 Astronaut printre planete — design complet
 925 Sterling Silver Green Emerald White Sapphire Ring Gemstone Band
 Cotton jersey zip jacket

--------

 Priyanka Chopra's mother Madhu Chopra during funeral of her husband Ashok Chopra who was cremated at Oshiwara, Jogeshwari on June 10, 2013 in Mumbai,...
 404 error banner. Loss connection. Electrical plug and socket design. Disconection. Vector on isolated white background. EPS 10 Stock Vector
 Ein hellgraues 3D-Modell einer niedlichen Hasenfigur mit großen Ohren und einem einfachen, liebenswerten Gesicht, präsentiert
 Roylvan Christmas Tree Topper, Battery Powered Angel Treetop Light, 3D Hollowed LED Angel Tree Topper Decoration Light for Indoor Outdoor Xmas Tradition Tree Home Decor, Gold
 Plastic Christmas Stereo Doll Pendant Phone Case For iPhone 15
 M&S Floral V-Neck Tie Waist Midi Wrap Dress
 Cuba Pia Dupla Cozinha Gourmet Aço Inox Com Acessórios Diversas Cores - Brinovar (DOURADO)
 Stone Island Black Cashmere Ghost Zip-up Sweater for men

--------

What is required: From the line containing "Astronaut printre planete — design complet" down to the line containing "Cotton jersey zip jacket" in the material above, reproduce every line exactly, including the two end lines.

Task result:
 Astronaut printre planete — design complet
 925 Sterling Silver Green Emerald White Sapphire Ring Gemstone Band
 Cotton jersey zip jacket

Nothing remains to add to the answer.